A context-aware aggregator that knows this is a coding request shifts the weights to w = (0.2, 0.6, 0.2):

P_final(Cheap)  = 0.2*0.85 + 0.6*0.30 + 0.2*0.90 = 0.530
P_final(Strong) = 0.2*0.15 + 0.6*0.70 + 0.2*0.10 = 0.470

Still Cheap, but the margin is much narrower. A small calibration nudge - say, a 0.1 confidence floor that escalates ties to Strong - flips the decision. This is the central MoR property: the routing decision is sensitive to context, not just to prompt content, because each router exposes its specialized vote for the aggregator to weight.

Why MoR beats single-router

Three reasons. First, objective decomposition: each router is trained on its own objective with its own labels, which is a much easier learning problem than a single multi-objective router. Second, per-request reweighting: the gateway can shift weights based on tenant SLAs, time-of-day cost budgets, or A/B test arms, without retraining any router. Third, graceful degradation: if one router goes stale, the other two still produce a sensible vote, and a stale-detection module can drop the bad router's weight to zero until it is retrained.

The cost is implementation complexity. MoR requires k routers in the inference path, k training pipelines, and an aggregator that itself can be tuned. The overhead is typically 10-25 ms per request - small relative to LLM latency but not free.

Technique 5: Semantic-Cache-Aware Routing

The fifth technique sidesteps inference entirely on a fraction of traffic. A semantic cache stores past (prompt, response) pairs keyed by embedding similarity. On a new request, the gateway computes the embedding, queries the cache, and if a sufficiently similar past prompt exists with a still-valid response, returns the cached answer.

prompt -> [embed] -> [vector search] -> sim >= threshold ?
                                           |
                              yes  --------+--------  no
                               |                       |
                         return cached            run router
                                                       |
                                                 store new pair

Semantic caching has a cost-and-latency profile unlike any other technique.

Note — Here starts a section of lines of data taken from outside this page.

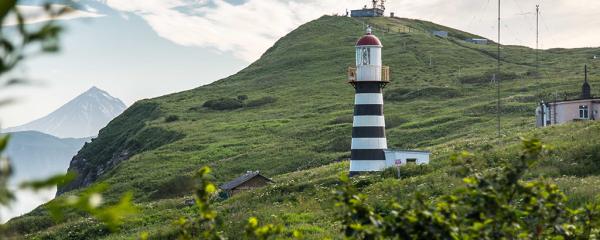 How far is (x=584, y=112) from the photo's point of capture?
170ft

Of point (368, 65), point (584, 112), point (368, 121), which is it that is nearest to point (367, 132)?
point (368, 121)

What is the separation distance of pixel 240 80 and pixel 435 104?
58.6 meters

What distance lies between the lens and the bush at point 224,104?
352ft

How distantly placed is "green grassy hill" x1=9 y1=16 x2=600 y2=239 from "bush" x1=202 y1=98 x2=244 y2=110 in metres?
0.30

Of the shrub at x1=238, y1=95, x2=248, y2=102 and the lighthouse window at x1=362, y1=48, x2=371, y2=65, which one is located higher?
the lighthouse window at x1=362, y1=48, x2=371, y2=65

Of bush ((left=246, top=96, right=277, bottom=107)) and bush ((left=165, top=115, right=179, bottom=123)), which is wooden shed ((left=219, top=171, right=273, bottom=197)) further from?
bush ((left=246, top=96, right=277, bottom=107))

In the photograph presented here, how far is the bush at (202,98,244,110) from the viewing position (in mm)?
107375

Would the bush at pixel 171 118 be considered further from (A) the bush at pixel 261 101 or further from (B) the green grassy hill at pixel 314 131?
(A) the bush at pixel 261 101

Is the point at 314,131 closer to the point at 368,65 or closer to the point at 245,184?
the point at 245,184

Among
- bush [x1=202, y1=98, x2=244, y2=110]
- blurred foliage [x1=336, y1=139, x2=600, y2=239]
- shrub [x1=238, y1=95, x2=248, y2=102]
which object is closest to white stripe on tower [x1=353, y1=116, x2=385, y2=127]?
blurred foliage [x1=336, y1=139, x2=600, y2=239]

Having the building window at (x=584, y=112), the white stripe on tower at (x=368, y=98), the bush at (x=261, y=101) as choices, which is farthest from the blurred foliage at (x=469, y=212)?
the bush at (x=261, y=101)

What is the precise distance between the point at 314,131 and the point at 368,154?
42067mm

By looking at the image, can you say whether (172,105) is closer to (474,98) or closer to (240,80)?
(240,80)

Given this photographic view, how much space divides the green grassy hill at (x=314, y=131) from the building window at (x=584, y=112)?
364 cm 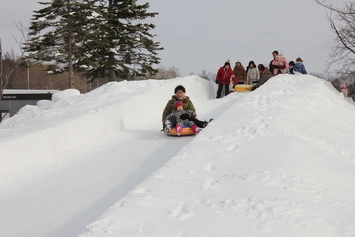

A cache hit costs effectively zero (just the embedding + vector search, typically 5-20 ms) and serves the response 200-2000 ms faster than any inference path. A cache miss adds the embedding cost (which is tiny) plus the vector-search latency (a few ms) on top of whatever the router decides next.

The hit-rate distribution on real traffic is bimodal. Public-facing chat sees 5-15% semantic-cache hit rates - users phrase things differently. Internal tools and API integrations see 40-70% hit rates - the same support macros, the same SQL templates, the same JSON schemas appear over and over. The 2026 best practice is to provision a per-tenant semantic cache with a per-tenant similarity threshold, because the right threshold is workload-dependent.

The danger of a semantic cache is stale answers. If a customer's product price changed, the cache must invalidate. The mitigations are TTLs (default 24 hours), explicit invalidation hooks tied to source-of-truth changes, and a "cache off" flag for high-stakes responses (financial, medical, legal).

For a deeper dive on stacking semantic-cache with multi-provider routing in production, see Multi-Provider Routing with Swfte Connect.

Worked Token Math: 1M Requests/Month

This section grounds the techniques in actual dollar figures. The setup: 1,000,000 requests per month, traffic mix 60% trivial / 30% mid-difficulty / 10% complex, average 800 input tokens and 400 output tokens per request. Prices are April 2026, sourced from llm-stats.com/llm-updates and the buildfastwithai May 2026 leaderboard.

Price table (April 2026, per 1M tokens)

ModelInputOutputQuality tier
Claude Opus 4.7$15.00$75.00Flagship
GPT-5.5$5.00$15.00Strong
Gemini 3.1 Pro$3.50$10.50Strong
DeepSeek V4 Pro$1.74$3.48Mid
DeepSeek V4 Flash$0.14$0.28Cheap

Per-request cost

Cost per request = (800 / 1e6) * input_price + (400 / 1e6) * output_price

Claude Opus 4.7   = 0.0008 * 15    + 0.0004 * 75    = $0.012  + $0.030  = $0.042
GPT-5.5           = 0.0008 *  5    + 0.0004 * 15    = $0.004  + $0.006  = $0.010
Gemini 3.1 Pro    = 0.0008 *  3.5  + 0.0004 * 10.5  = $0.0028 + $0.0042 = $0.0070
DeepSeek V4 Pro   = 0.0008 *  1.74 + 0.0004 *  3.48 = $0.00139+ $0.00139= $0.00279
DeepSeek V4 Flash = 0.0008 *  0.14 + 0.0004 *  0.28 = $0.000112+ $0.000112= $0.000224

Static baselines

If every request goes to one model:

Static Claude Opus 4.7   1,000,000 * $0.042    = $42,000 / month
Static GPT-5.5           1,000,000 * $0.010    = $10,000 / month
Static Gemini 3.1 Pro    1,000,000 * $0.0070   = $7,000  / month
Static DeepSeek V4 Pro   1,000,000 * $0.00279  = $2,790  / month

These are the baselines. A real production traffic at this scale is typically routed, not static, but the baseline answers the question "what does it cost to be safe."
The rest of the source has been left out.